When fractures involving the base of the skull are identified in pediatric patients with severe TBI, early evaluation using angiography, MRA, or CTA is essential to confirm details about intracranial ICA injury, especially tCAD, and indicate appropriate treatment, even if no symptoms are present. Observational treatment with intensive care is thus recommended as a conservation option in pediatric patients with severe TBI who undergo tCAD.

ACKNOWLEDGEMENT

We sincerely thank Prof. Tamotsu Miki of the Department of Neurosurgery at Tokyo Medical University Ibaraki Medical Center for his assistance.

References

  1. Mortazavi MM, Verma K, Tubbs RS, Harrigan M. Pediatric traumatic carotid, vertebral and cerebral artery dissections: a review. Childs Nerv Syst 2011;27:2045-56. doi: 10.1007/s00381-011-1409-x.
  2. Larson PS, Reisner A, Morassutti DJ, Abdulhadi B, Harpring JE. Traumatic intracranial aneurysms. Neurosurg Focus 2000;8:e4.
  3. Seth R, Obuchowski AM, Zoarski GH. Endovascular repair of traumatic cervical internal carotid artery injuries: a safe and effective treatment option. AJNR Am J Neuroradiol 2012. Epub ahead of print.
  4. Lleva P, Ahluwalia BS, Marks S, Sahni R, Tenner M, Risucci DA, et al. Traumatic and spontaneous carotid and vertebral artery dissection in a level 1 trauma center. J Clin Neurosci 2012;19:1112-4. doi: 10.1016/j.jocn.2011.11.018.
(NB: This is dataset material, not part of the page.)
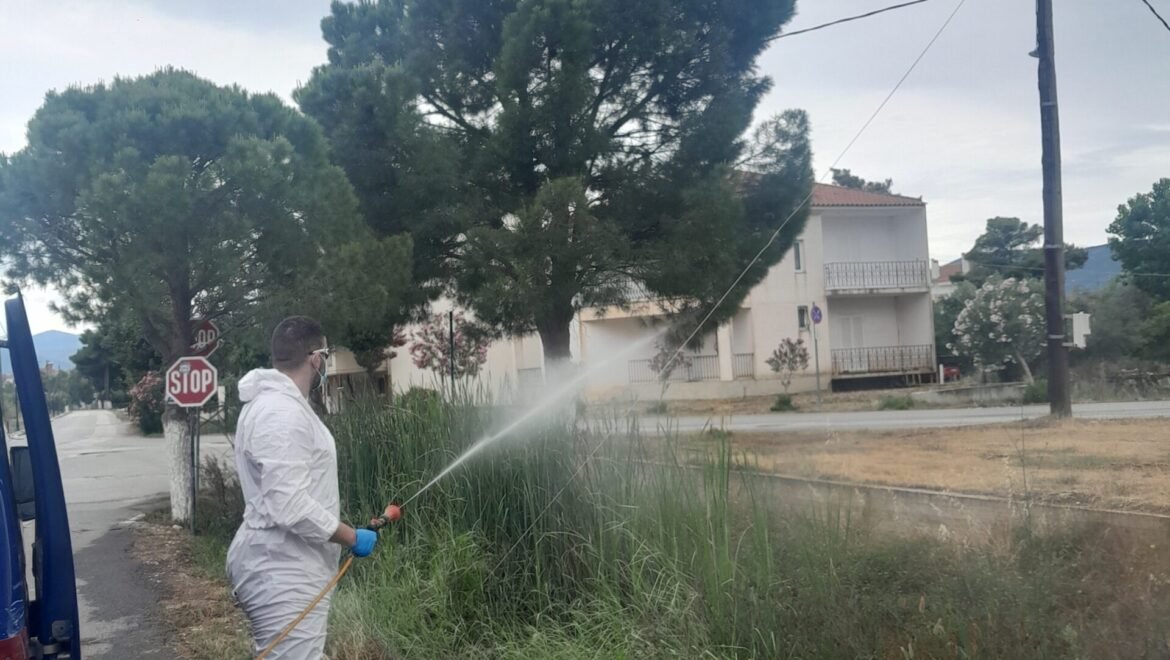 Πρόγραμμα καταπολέμησης κουνουπιών στον Δήμο Τρίπολης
Figure 1.  Head computed tomography (CT) shows a right subdural hematoma with a brain contusion at the temporal lobe (large arrow). Pneunoencephalus and subarachnoid hemorrhage are also detected (black arrow head). The bone window in head CT shows a transverse type petrosal fracture (small arrow). The fracture line penetrates an aperture interna canalis carotici and extends to the base of the skull (white arrow head).
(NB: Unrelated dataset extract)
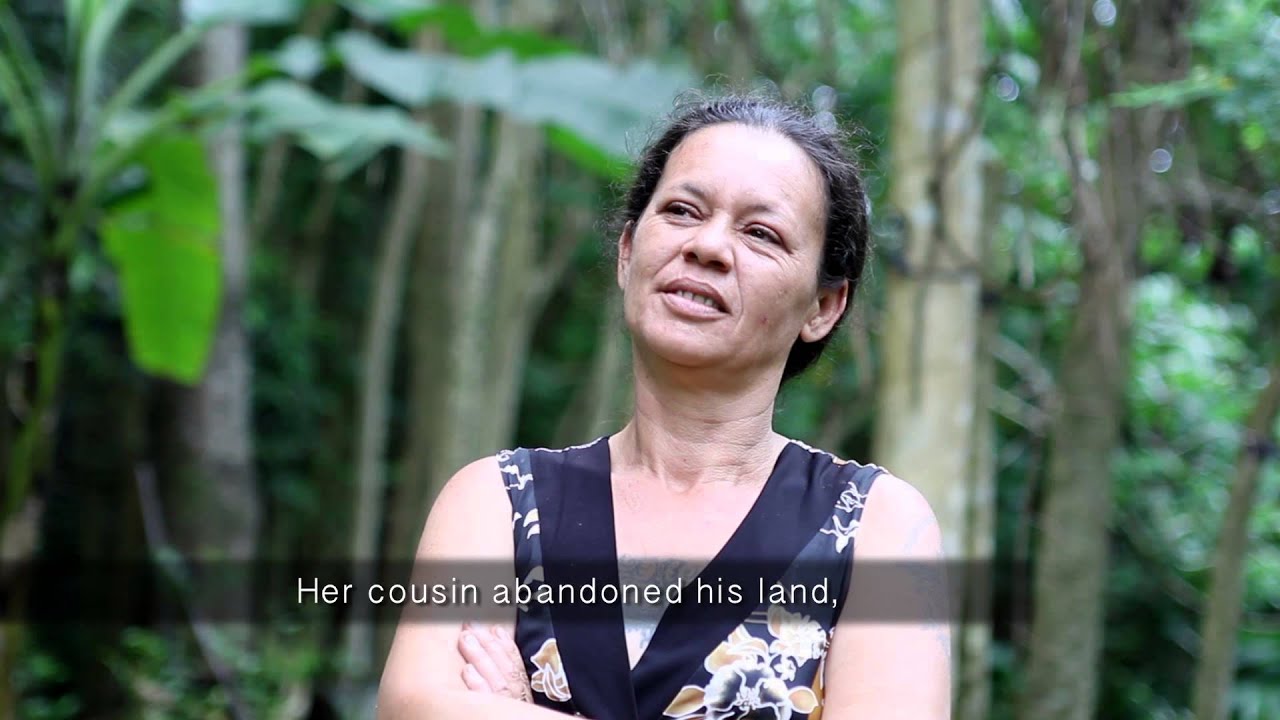 [7.5 minute version] Invasion -  Little Fire Ants in Hawai'i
Figure 2.  Initial right internal carotid artery (ICA) angiography shows stenosis (large arrow) and dilatation (small arrow) compatible with the ‘pearl and string sign’ at the supraclinoid portion of the ICA. Direct carotid cavernous fistula is also detected (white arrow head). Angiography on day 2 shows stenosis at the supraclinoid portion of the ICA (arrow). Anterior cerebral artery can not be detected (black arrow head). Angiography on day 7 shows complete healing of the dissection without any restenosis of the right ICA. Anterior cerebral artery, anterior choroidal artery and posterior communication artery are detected.